Continuing their efforts from last meeting, SGB passed B.R. 2017.04, “Urging the passage of Pennsylvania Senate bill No. 196 and renaming it ‘Alina’s Law.’” The bill would give judges the option of putting a GPS tracker on a person who has a protection-from-abuse order filed against them. The resolution also included naming the bill “Alina’s Law” after Pitt student Alina Sheykhet, who had a PFA against her ex-boyfriend Matthew Darby, who was later arrested in her homicide.
“And we will continue to lobby for this cause in all of our meetings that we have up in Harrisburg and with our local, federal and state lawmakers,” Kneis said.
At the University level, Vice President and Chief of Finance Maddie Guido also announced plans to bring back “SGB Updates” — a UPTV segment filmed weekly or biweekly where members of SGB can speak about projects or initiatives from the past week, which was last aired during the 2015-2016 school year.
“We represent the undergraduate student body of Pitt so I think it’s extremely important that they understand what’s going on,” Guido said. “If they have a problem with it, if they have a suggestion … we get their feedback and people get to stay informed of what we are doing as SGB.”
Guido said it’s important to get student feedback from these updates, especially as SGB makes an effort to be more transparent with the Pitt community this year.

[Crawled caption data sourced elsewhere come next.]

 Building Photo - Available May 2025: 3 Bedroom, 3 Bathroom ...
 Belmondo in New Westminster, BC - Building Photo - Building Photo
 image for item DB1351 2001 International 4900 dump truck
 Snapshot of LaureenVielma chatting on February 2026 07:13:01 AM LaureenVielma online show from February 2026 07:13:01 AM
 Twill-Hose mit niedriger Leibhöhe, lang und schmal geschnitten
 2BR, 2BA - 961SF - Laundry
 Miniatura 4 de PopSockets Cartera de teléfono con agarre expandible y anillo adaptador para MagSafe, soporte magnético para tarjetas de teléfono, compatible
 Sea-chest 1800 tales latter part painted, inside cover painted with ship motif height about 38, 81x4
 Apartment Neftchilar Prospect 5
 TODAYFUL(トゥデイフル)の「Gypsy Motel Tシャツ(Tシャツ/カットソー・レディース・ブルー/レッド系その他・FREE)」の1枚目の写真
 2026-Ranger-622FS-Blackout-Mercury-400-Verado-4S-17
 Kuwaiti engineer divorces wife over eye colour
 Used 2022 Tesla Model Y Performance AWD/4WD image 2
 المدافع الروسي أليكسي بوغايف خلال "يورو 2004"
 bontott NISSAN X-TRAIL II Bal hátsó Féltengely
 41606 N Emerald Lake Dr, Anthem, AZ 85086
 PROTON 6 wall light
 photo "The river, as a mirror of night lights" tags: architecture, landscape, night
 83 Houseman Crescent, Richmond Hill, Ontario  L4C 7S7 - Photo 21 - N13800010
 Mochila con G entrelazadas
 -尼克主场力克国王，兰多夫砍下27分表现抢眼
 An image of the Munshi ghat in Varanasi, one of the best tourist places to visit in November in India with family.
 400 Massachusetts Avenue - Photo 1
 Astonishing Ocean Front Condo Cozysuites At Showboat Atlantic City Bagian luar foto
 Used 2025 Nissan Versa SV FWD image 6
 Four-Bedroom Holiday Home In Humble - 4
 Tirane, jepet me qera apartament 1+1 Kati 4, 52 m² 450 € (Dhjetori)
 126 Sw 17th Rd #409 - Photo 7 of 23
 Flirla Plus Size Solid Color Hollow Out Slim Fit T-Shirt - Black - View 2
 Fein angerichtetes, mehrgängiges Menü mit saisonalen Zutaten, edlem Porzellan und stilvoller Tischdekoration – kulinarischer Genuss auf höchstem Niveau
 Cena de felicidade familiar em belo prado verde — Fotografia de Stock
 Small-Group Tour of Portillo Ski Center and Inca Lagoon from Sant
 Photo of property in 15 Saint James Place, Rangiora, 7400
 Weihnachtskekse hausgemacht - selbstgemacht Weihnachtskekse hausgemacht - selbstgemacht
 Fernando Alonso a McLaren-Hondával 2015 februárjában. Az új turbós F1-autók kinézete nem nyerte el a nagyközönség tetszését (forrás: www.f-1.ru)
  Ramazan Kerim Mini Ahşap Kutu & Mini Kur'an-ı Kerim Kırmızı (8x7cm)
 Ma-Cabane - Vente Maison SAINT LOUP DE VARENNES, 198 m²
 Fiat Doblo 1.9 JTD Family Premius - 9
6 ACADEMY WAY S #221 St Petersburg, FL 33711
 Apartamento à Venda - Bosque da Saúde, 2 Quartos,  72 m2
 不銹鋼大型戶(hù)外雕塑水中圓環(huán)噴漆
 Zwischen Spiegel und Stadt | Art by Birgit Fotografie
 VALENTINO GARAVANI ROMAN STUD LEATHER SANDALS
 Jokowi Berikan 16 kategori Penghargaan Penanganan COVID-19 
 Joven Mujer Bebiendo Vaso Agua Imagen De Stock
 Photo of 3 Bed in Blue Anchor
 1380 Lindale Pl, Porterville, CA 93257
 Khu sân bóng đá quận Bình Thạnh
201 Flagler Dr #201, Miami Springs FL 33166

“I think the worst thing you can have is a governing body, even just for undergraduate students, that kind of keeps to themselves,” Guido said. “The more feedback we can get, whether it be positive or negative, the more we know how to do our jobs better.”
Board member Ami Fall said she is working on a proposal to make additions to the student syllabus. This would include extended information on sexual assault, mental health resources on and off campus and a possible section on protocol for a death in the family. She also wanted to inform students that professors are mandated reporters — people who have to report a crime.
“It’s a part of removing the stigma, talking about these issues and assuring that every student is given the opportunity to find these resources and to reach out to them,” Fall said. “Assuring that students know that they’re not alone, in whatever they’re going through and there are people here that really care about them and are able to help them.”
Pitt Ballroom Club requested $836 for a competition expense. The board approved in full.
Pitt Archery requested $1,494 for their Indoor Nationals Event’s registration and lodging. The board approved in full.
Pitt Racquetball Club requested $1,200 for a competition expense. The board approved in full.